- Developer: Vortex Software
- Publisher: U.S. Gold
- Designer: Costa Panayi
- Platforms: ZX Spectrum, Amstrad CPC
- Release: 1986
- Genre: Puzzle
- Mode: Single-player

= Revolution (video game) =

1986 video game

Revolution is an isometric 3D puzzle video game released by U.S. Gold in 1986 for the ZX Spectrum and Amstrad CPC. It was programmed by Costa Panayi and is a development of the earlier 3D games Highway Encounter and Alien Highway.

== Gameplay ==
The player controls a bouncing ball on a series of superimposed levels, each consisting of an array of square tiles that are arranged with a number of puzzles.

Each puzzle consists of two black cubes that turn temporarily white when touched by the player's ball, before turning black again. To solve the puzzle, both cubes must be touched in rapid succession so that they turn white simultaneously.

There are nine levels. When all the puzzles on one level are complete, the player ascends to the next.

The height of the ball's bounce is controlled by the "fire" button, while the direction controls steer it around the map. The player must make sure not to fall off the edge of the level, or through the gaps between tiles.

Flying platforms, conveyor belts, adhesive surfaces, spiked balls, and other structures may help or hinder the player in their attempt to solve the puzzles.

The player has five balls.
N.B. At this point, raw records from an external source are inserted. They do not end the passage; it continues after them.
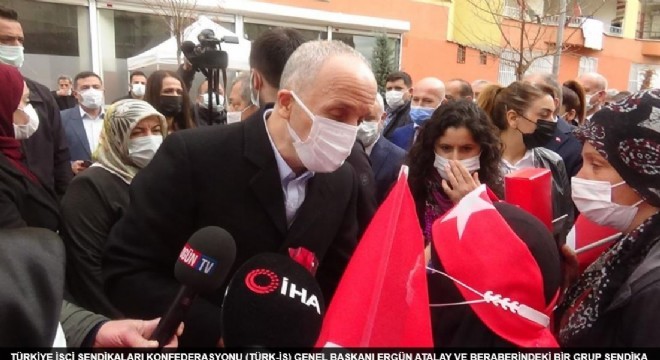 Türk-İş'ten nöbetteki ailelere ziyaret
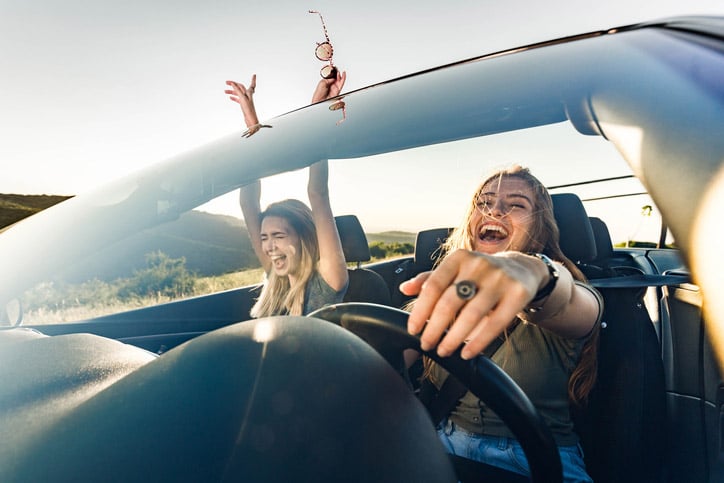 personas conduciendo un coche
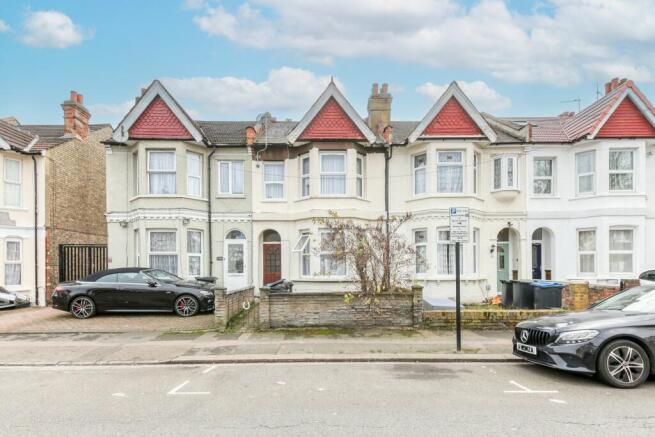 3 bed property, in Croydon, £475,000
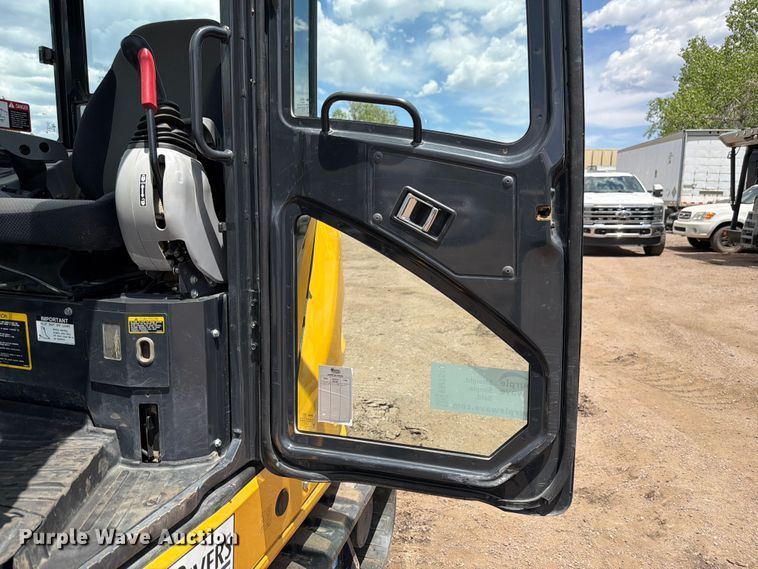 image for item FM7540 2021 John Deere 60G mini excavator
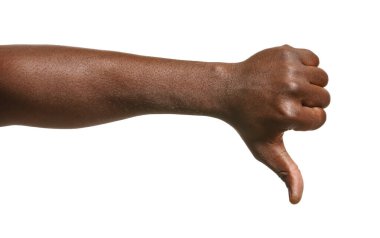 Beyaz arka planda baş parmak hareketi gösteren Afro-Amerikalı bir adamın eli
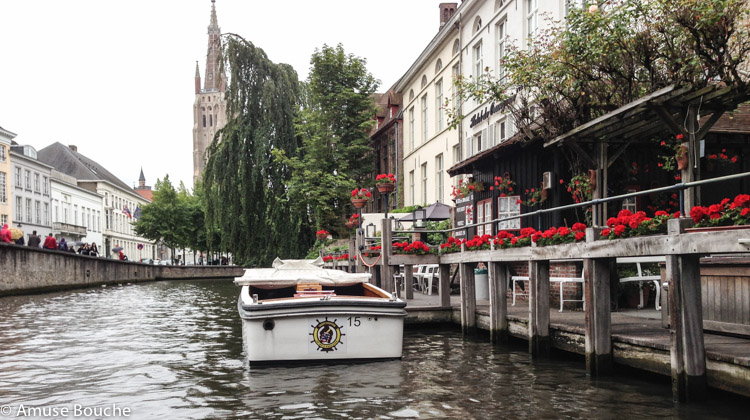 plimbare pe canale in Bruges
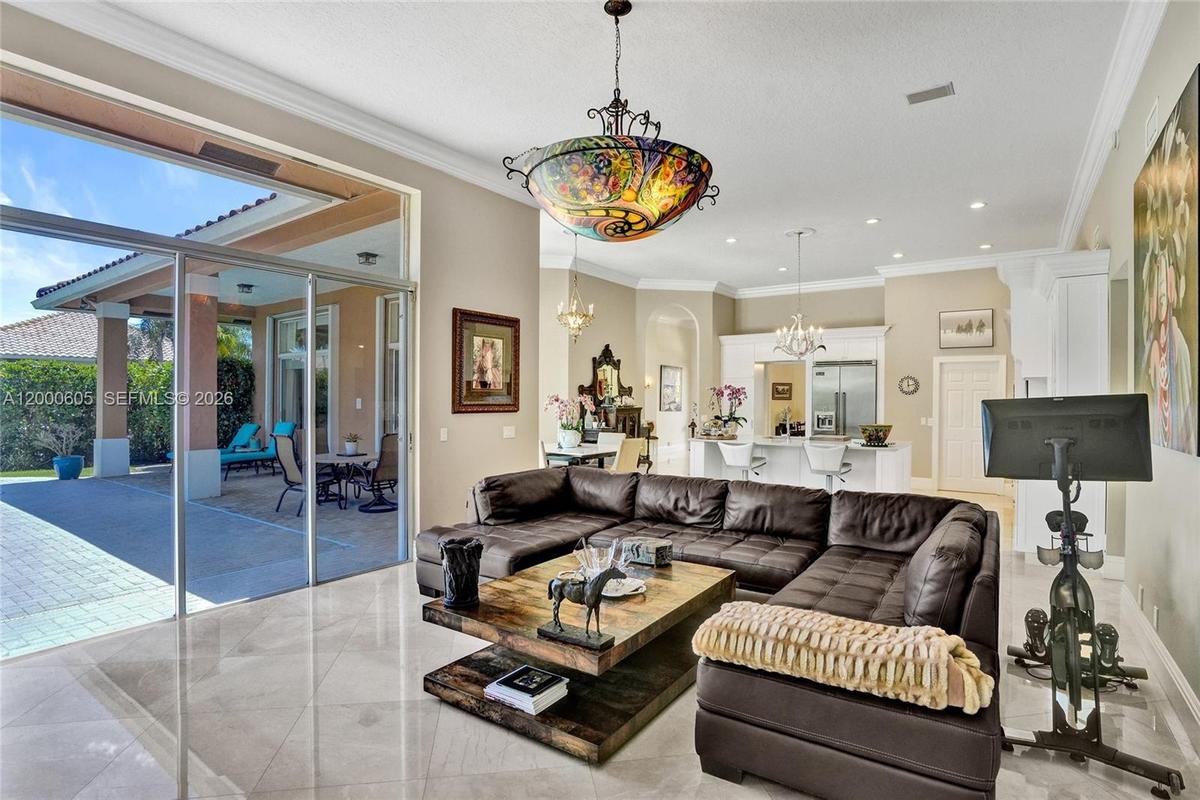 LOVE THE OUTDOOR SPACE!.....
There is also a time limit that must be beaten.

== Background ==
Mark Haigh-Hutchinson:
The result of Costa's efforts was REVOLUTION, an abstract isometric puzzle game. It was designed with lastability in mind - each time the game starts the puzzles are shuffled between levels as well as their locations within the level.

Shifting the puzzles around and creating a new landscape, or set of levels, each time you start play - it's trying to make the game something more than other games on the market' Luke [Andrews] would say at the time.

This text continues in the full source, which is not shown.